Our approach has been to argue that faith is,  in fact,  an inescapable response that human beings make to the world around them.   It is true that this basic confidence is called into question by negative experiences.   The function of religion is to describe the-way-the-world-is in a way that justifies faith,  while accounting also for experiences that seem to negate it.

Our own experience of the trustworthiness of reality leads us to give ultimate reality the name  'God'.   Only God-talk is capable of doing justice to life as we experience it.   Alternative accounts of ultimate reality have been offered  -  scientism and secular humanism,  for instance.   But we are convinced that belief in God can be presented in a manner which is more reasonable,  more comprehensive,  more liberating,  and more inspiring than any other option.

It is the New Testament witness to Jesus as the Christ that focuses our belief in God as Christians.   This witness invites us to openness,  novelty,  the unexpected.   It challenges us to inclusiveness.   It presents a vision of freedom,  justice and fulfilment for all that is non-hierarchical,  and destabilizing of the status quo.   The Jesus-tradition expresses the conviction that God's non-partisan love for all creation is God's free choice to relate to us in such a way that God makes a difference to us all and we all make a difference to God.   It reminds us that challenging the social order in any age will arouse opposition.   When that happens the appropriate response is creative dissent,  imaginative protest,  and courageous witness that embraces suffering if it has to.

We go on to suggest something of what it means to be Christian.

 

 

Being Christian is a response to God's love.

We are Christian in response to God's love.   By love we do not mean merely sentimental good will.   We mean God's free decision to keep on relating Godself to the world and to each and every creature within it.   This is what gives us confidence in the significance of our lives,  despite suffering,  finitude,  and death:  we are accepted.   We make an ultimate difference.   Christian faith and life are a response to this good news of God's 'amazing grace'.
 

 

Being Christian involves a passive response to God's love.

To be Christian is,  first and foremost,  to accept your acceptance.   It is to say  "Yes!"  to your self,  to life,  to God.   It is to affirm the value and everlasting significance of your being here.   It is to forsake self-destructive habits of thought and patterns of behaviour.   It is to respect yourself.   It is to be the best person you can be,  knowing that whatever you make of yourself in every moment is an everlasting contribution to the life of God.

The Jesus-tradition encourages you to value yourself as God values you.   In the spirit of that tradition we offer the same challenge.   Whoever you are,  you are of inestimable worth.   God freely chooses to relate Godself to you.   Your life makes its unique and everlasting contribution to God's being.   You are valuable.   You are significant.   You make a difference.   We invite you to accept your acceptance by God,  to appreciate and respect your self,  and to choose to become the best person you can be.   This is part of what it means to be Christian.

 

 

Being Christian also involves an active response to God's love.

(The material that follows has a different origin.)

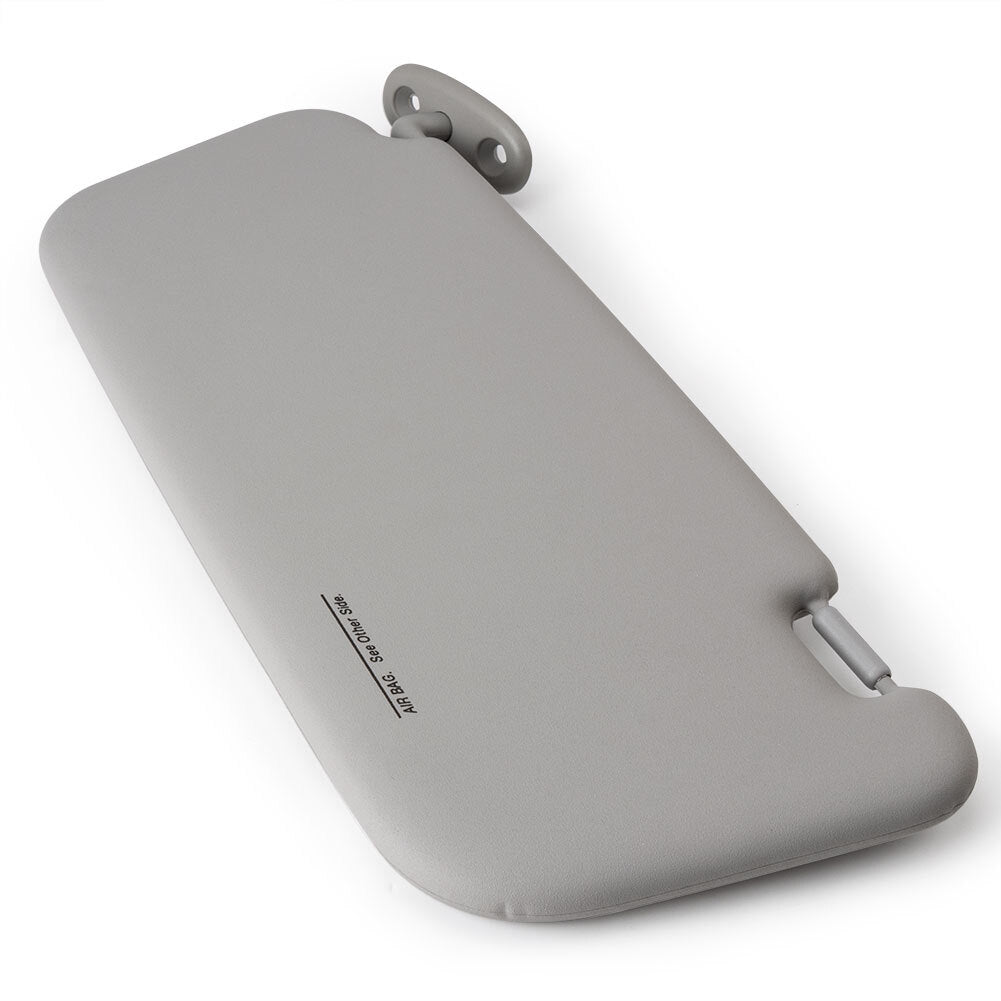 Gray Sun Visor Right Side 852201C200QS for Hyundai Getz Click 2002-12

Having accepted God's acceptance of you,  you are then invited to mirror that same unprejudiced love to all creation.   In chapter six we spoke of God establishing limits to creaturely freedom such that the possibility is always open for good to conquer evil.   It remains for you  (and for us)  however,  to work within God's cosmic order to form and reform the local,  cultural orders which are our responsibility.   This is an important part of what it means to be Christian.   The relationship between God and the world is so close that  (in the words of Jesus' two commandments)  loving God with all your heart,  and all your soul,  and all your mind,  cannot be separated from loving your neighbour as yourself.

The Christian response to the love of God is shaped by the Jesus tradition.   It has social and political dimensions.   Life in community is to be so ordered as to allow freedom and fulfilment for all.   Discriminatory prejudice and socially-conditioned habits of judgment are to be challenged.   Injustice is to be redressed,  the yoke of oppression broken.   These imperatives do not relate only to large-scale political structures.   Injustice and oppression may be equally expressed,  and are to be equally resisted, at all levels of human relationships,  and not least in one's own personal life.

As is now almost universally recognized, there is responsibility not just to fellow-humans,  but to the whole of creation.   The Christian ideal is to ensure the freedom of every creature,  in its relatedness with every other,  to achieve its potential.   Just what that means in a particular situation,  is a scientific rather than a religious question  (and there may be no simple answer to it).   What religion does is to raise the question of value.   In every time,  and in every place,  you are invited to respond to God's unprejudiced love by reflecting it to all creation.   Act in such a way as to ensure for every creature,  within the boundaries of its inter-connectedness with others,  freedom to reach full potential.

 

 

It is Christian to seek justice in the human community.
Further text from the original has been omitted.